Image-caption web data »

▼▼▼

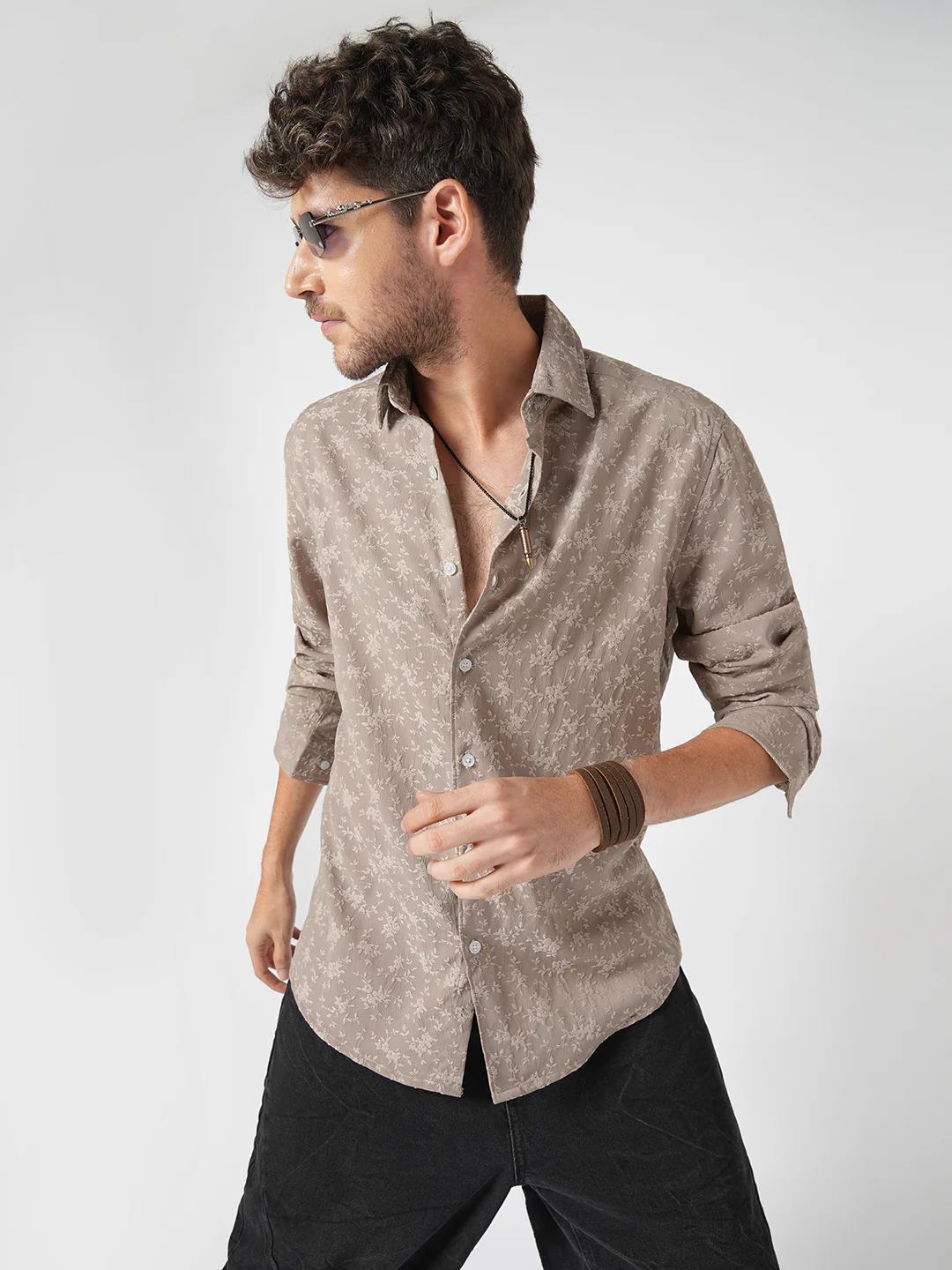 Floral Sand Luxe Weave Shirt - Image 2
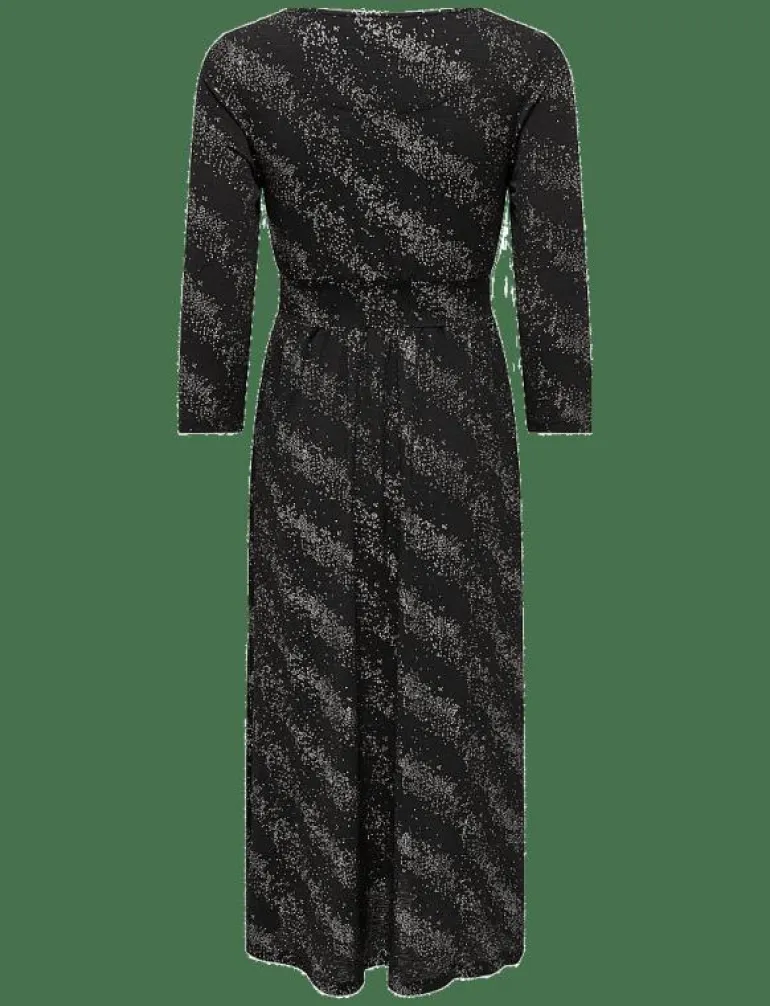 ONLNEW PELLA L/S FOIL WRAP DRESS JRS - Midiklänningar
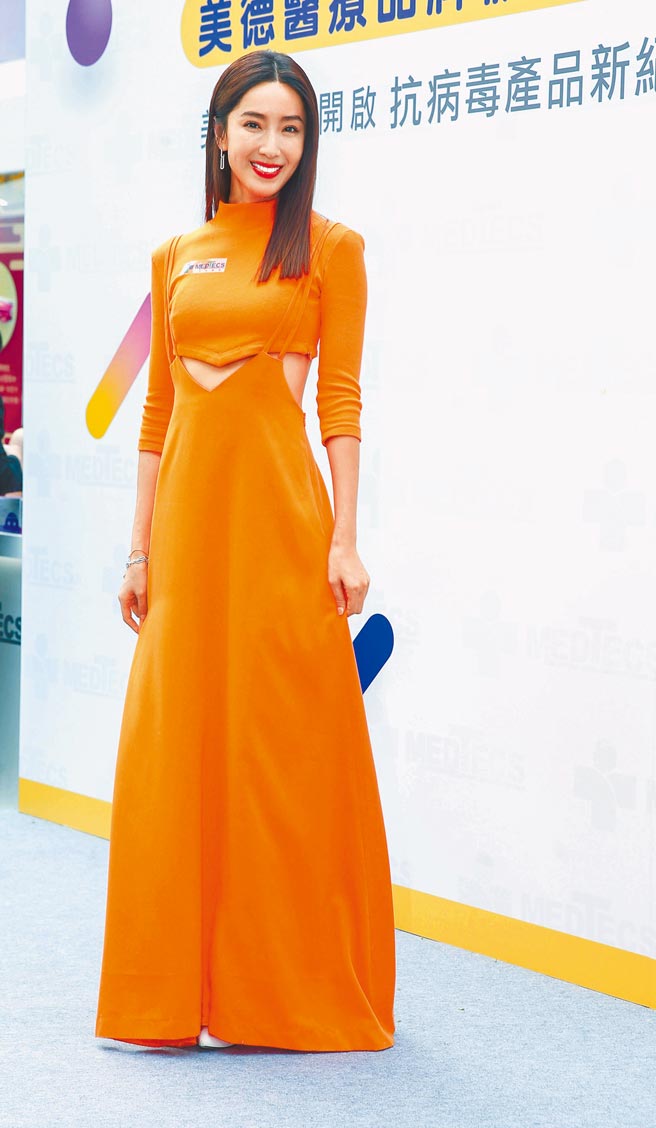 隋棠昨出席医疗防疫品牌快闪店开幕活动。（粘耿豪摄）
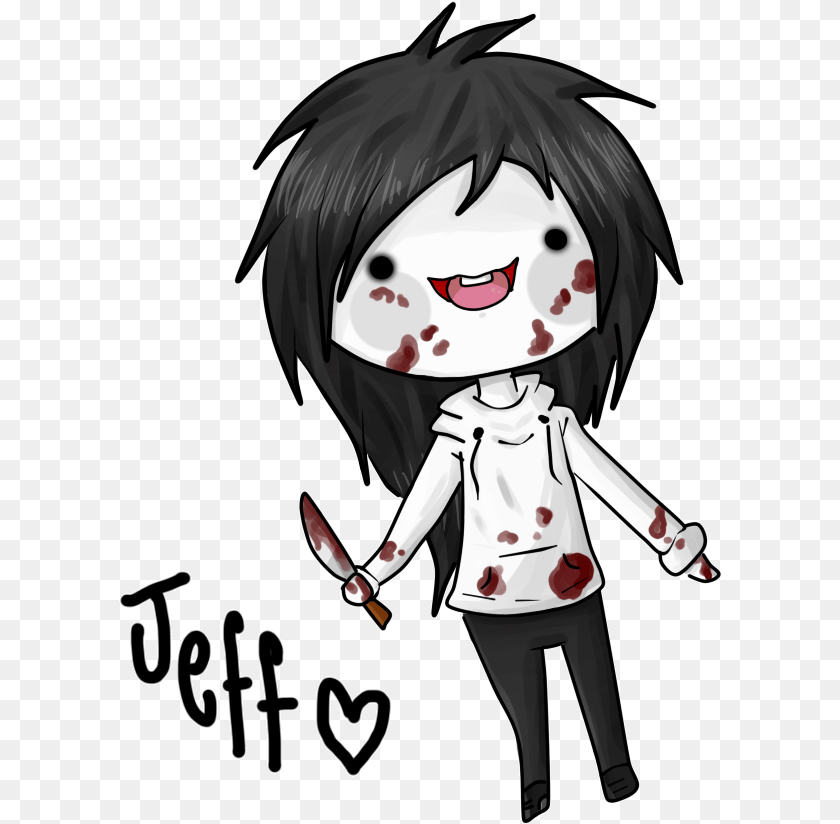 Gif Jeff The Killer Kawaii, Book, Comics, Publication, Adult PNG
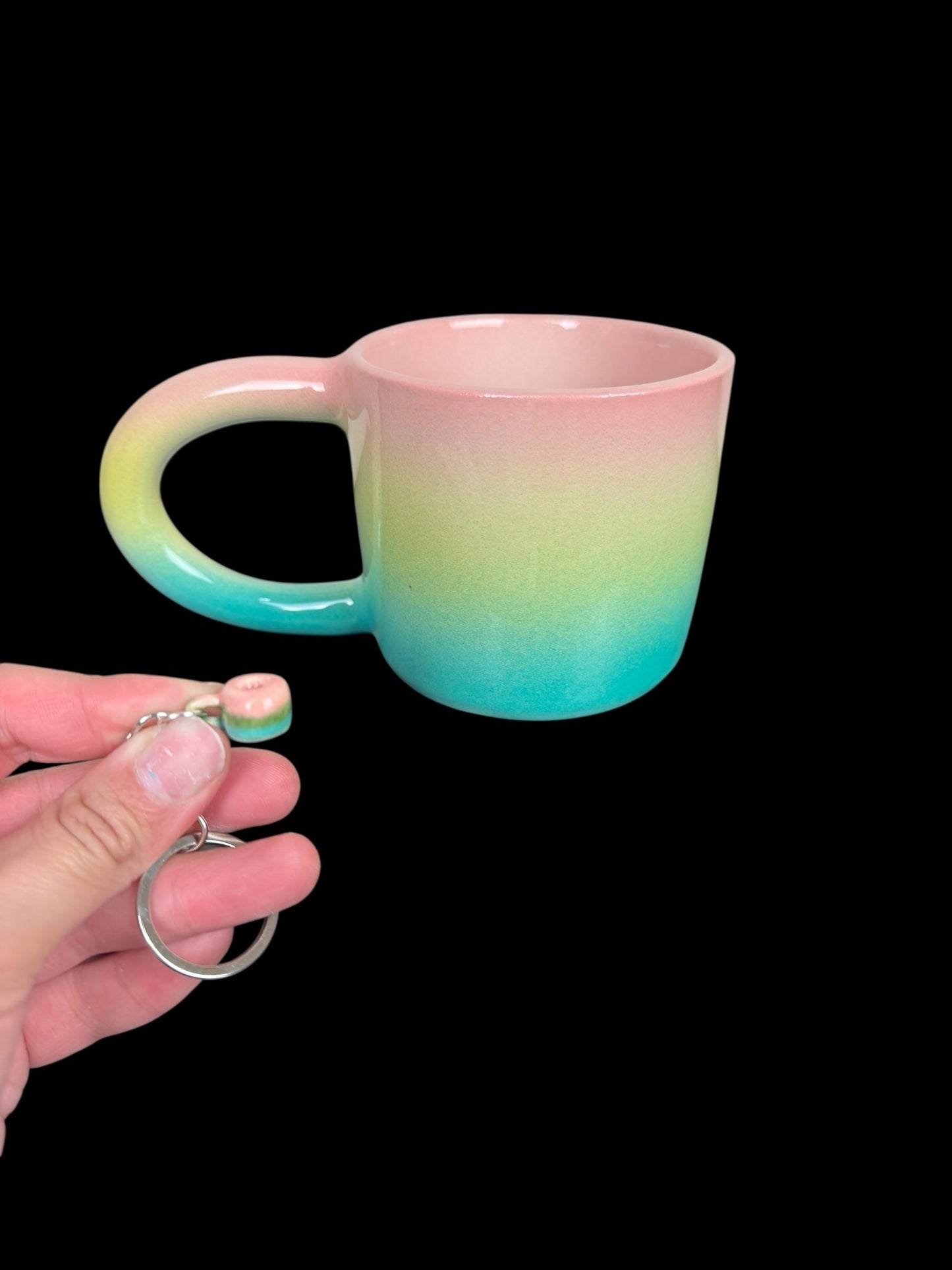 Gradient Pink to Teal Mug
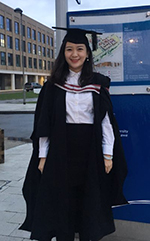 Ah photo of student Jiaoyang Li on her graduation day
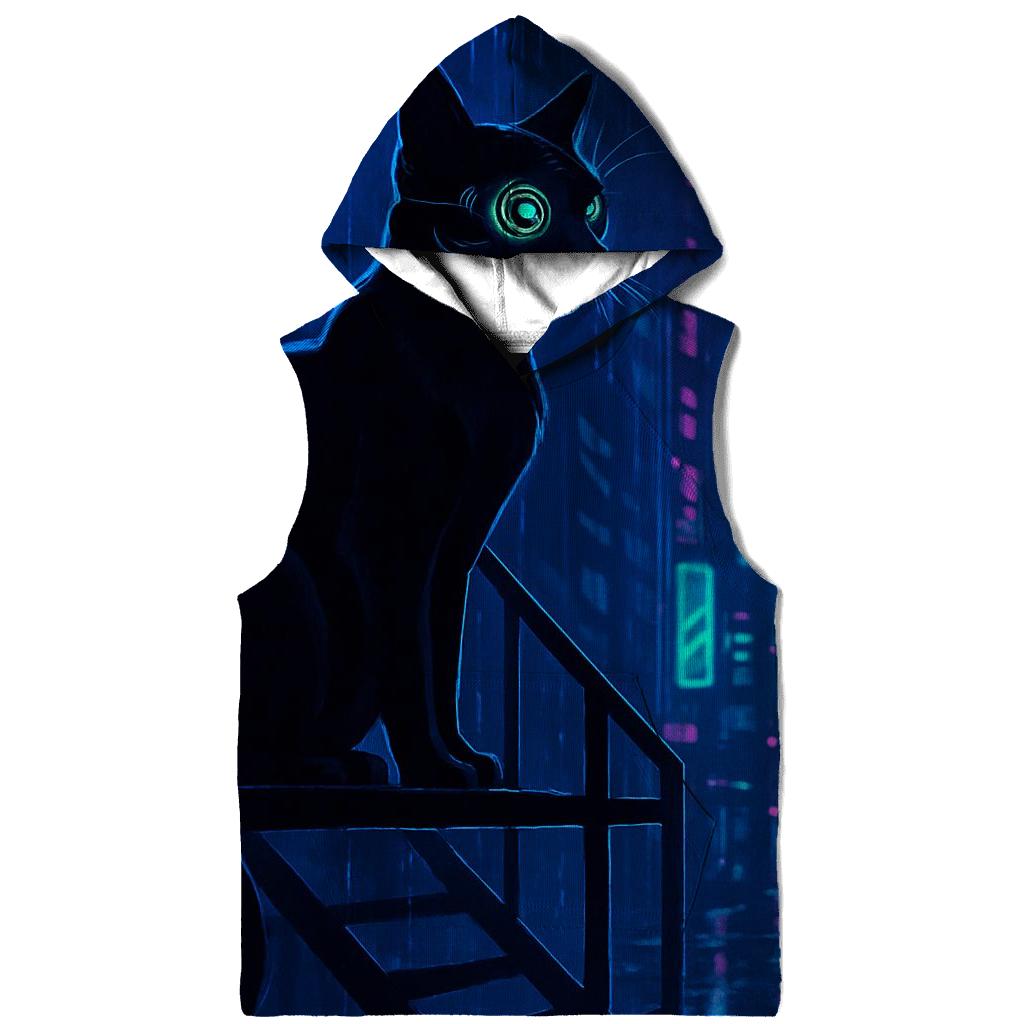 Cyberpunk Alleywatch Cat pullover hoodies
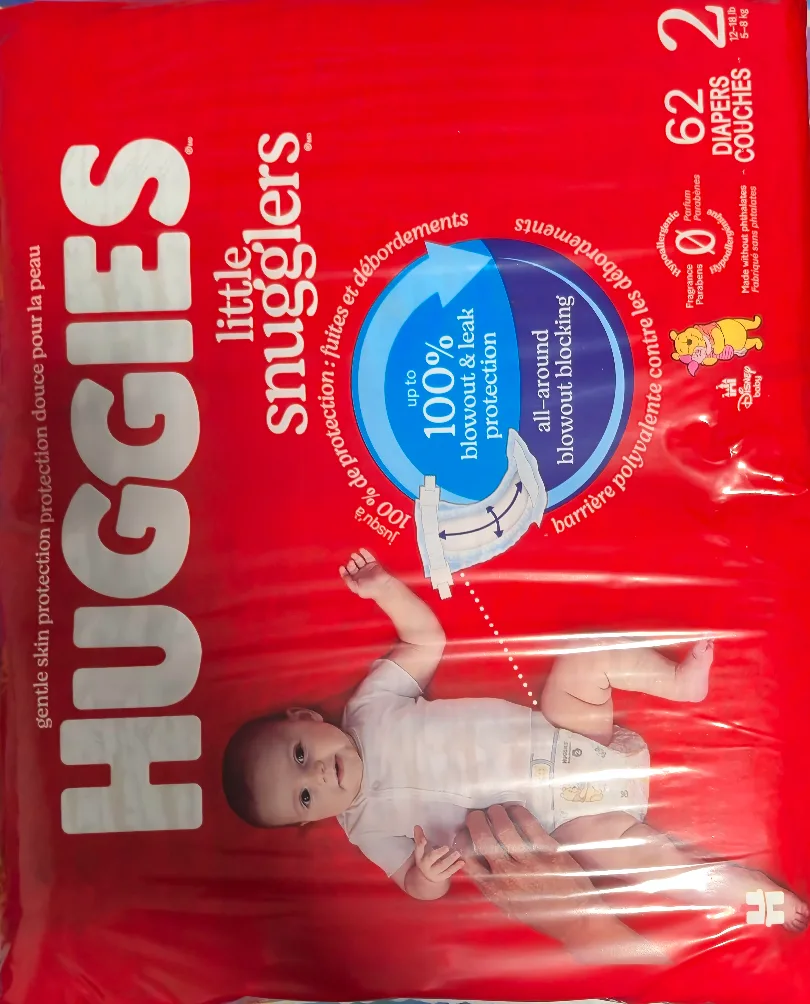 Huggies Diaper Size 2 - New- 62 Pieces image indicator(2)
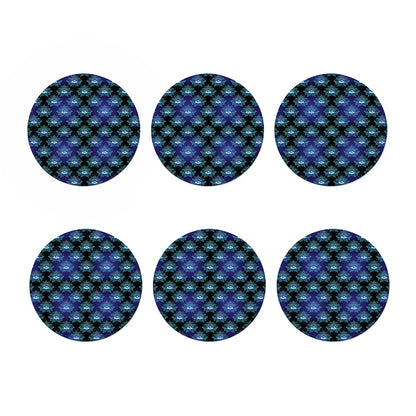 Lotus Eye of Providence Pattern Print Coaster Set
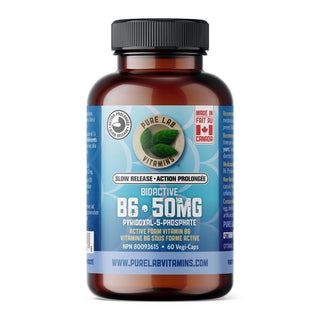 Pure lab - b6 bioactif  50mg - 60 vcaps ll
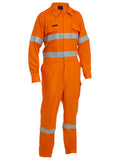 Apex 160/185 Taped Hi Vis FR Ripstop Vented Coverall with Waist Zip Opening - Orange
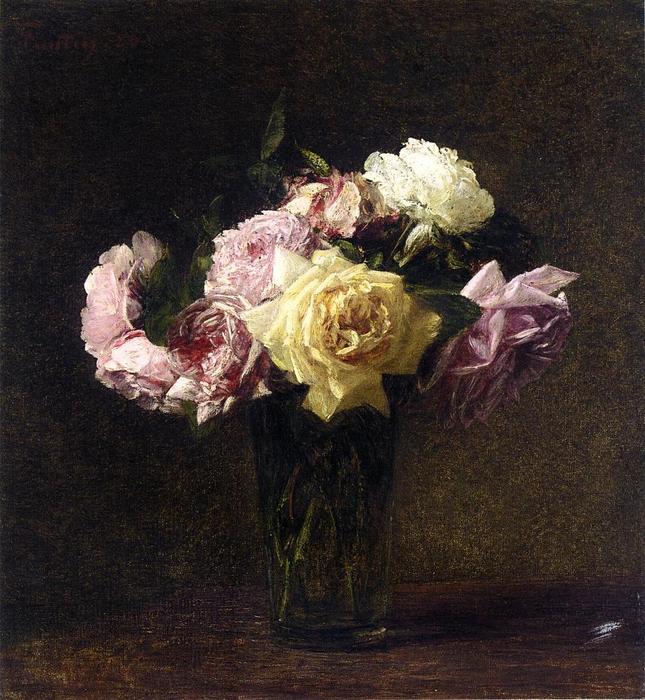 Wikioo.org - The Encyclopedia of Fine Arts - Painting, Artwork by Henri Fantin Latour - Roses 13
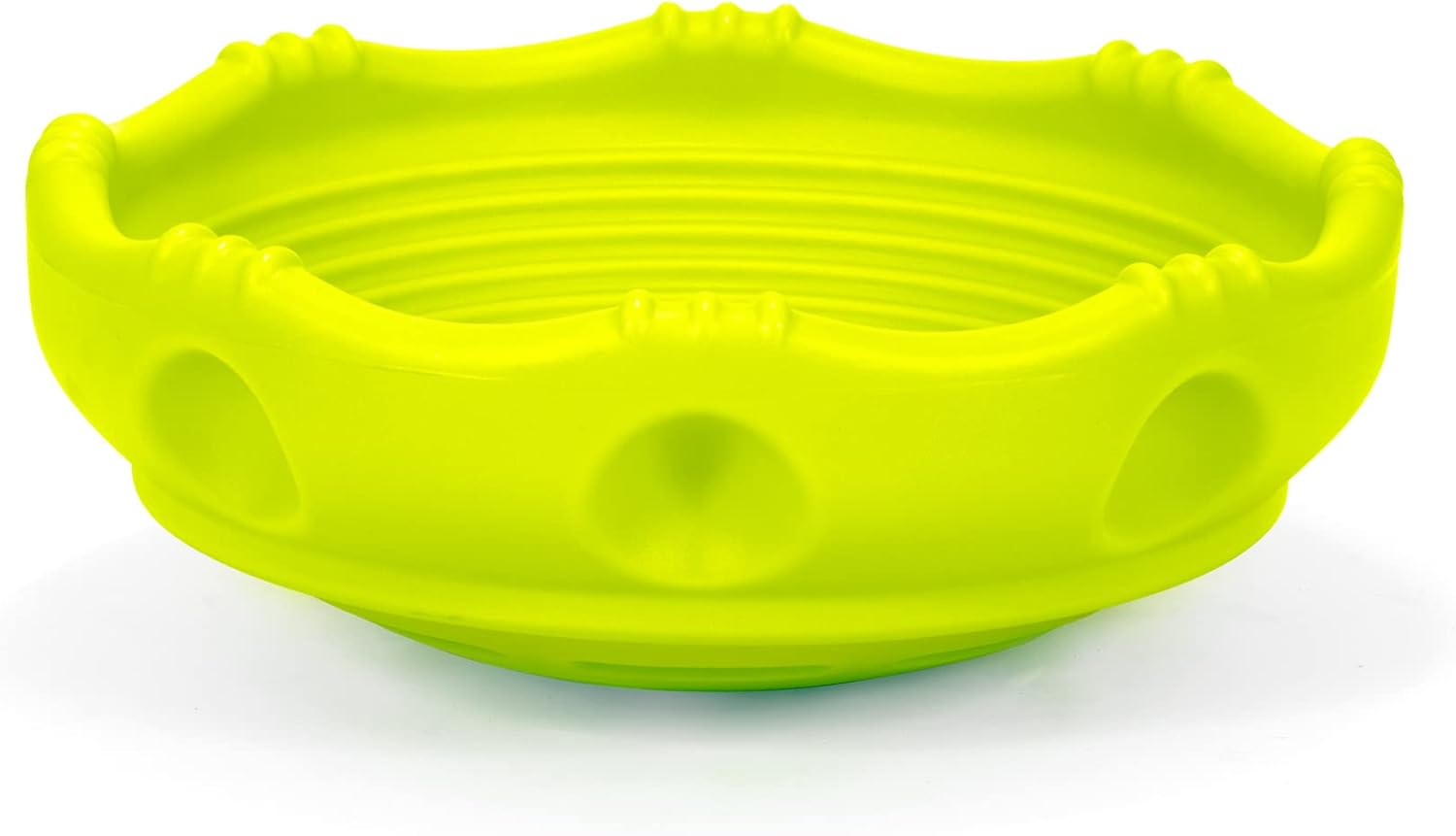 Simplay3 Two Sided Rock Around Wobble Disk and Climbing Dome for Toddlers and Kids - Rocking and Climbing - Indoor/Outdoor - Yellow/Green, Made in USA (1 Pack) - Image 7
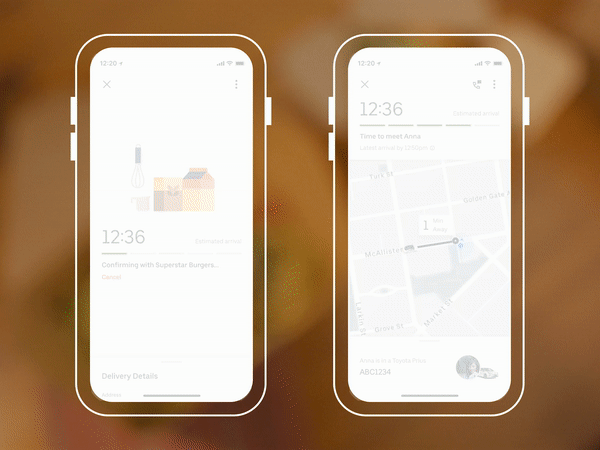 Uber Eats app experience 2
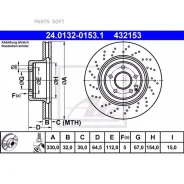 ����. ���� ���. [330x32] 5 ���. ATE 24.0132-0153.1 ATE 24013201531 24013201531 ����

▲▲▲

WHAT IS NEEDED » Transcribe every record exactly and omit each image.

OUTPUT OF THE EXERCISE »
 Floral Sand Luxe Weave Shirt - Image 2
 ONLNEW PELLA L/S FOIL WRAP DRESS JRS - Midiklänningar
 隋棠昨出席医疗防疫品牌快闪店开幕活动。（粘耿豪摄）
 Gif Jeff The Killer Kawaii, Book, Comics, Publication, Adult PNG
 Gradient Pink to Teal Mug
 Ah photo of student Jiaoyang Li on her graduation day
 Cyberpunk Alleywatch Cat pullover hoodies
 Huggies Diaper Size 2 - New- 62 Pieces image indicator(2)
 Lotus Eye of Providence Pattern Print Coaster Set
 Pure lab - b6 bioactif  50mg - 60 vcaps ll
 Apex 160/185 Taped Hi Vis FR Ripstop Vented Coverall with Waist Zip Opening - Orange
 Wikioo.org - The Encyclopedia of Fine Arts - Painting, Artwork by Henri Fantin Latour - Roses 13
 Simplay3 Two Sided Rock Around Wobble Disk and Climbing Dome for Toddlers and Kids - Rocking and Climbing - Indoor/Outdoor - Yellow/Green, Made in USA (1 Pack) - Image 7
 Uber Eats app experience 2
 ����. ���� ���. [330x32] 5 ���. ATE 24.0132-0153.1 ATE 24013201531 24013201531 ����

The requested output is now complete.